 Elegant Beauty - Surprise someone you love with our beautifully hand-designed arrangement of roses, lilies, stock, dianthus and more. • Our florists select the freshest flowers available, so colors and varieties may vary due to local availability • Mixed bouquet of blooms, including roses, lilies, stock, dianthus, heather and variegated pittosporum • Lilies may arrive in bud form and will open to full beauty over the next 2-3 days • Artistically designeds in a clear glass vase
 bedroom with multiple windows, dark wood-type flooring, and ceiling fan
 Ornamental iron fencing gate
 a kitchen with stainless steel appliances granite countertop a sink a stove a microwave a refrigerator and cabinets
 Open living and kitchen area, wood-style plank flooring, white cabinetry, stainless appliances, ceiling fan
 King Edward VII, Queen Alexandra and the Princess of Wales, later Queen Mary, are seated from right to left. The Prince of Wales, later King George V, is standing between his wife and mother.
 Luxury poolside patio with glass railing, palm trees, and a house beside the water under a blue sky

---

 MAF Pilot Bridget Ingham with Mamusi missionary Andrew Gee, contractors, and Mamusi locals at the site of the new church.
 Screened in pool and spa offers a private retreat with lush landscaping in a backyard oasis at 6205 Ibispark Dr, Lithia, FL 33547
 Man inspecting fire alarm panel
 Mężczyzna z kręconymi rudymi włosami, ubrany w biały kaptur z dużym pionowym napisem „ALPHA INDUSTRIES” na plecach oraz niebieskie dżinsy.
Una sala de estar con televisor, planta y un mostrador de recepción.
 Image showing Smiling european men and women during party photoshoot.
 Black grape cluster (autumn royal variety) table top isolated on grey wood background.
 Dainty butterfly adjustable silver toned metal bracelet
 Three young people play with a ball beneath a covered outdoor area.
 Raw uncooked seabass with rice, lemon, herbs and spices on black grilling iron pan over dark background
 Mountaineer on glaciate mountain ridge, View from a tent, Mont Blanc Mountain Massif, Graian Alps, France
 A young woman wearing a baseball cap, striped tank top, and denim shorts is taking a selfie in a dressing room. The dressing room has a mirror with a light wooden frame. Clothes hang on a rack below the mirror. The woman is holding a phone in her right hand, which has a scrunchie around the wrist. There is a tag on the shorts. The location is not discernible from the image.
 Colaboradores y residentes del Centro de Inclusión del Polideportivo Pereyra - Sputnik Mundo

### ASSIGNMENT
Total lines with "kitchen" in the records above: report that figure alone.

### FINAL ANSWER
2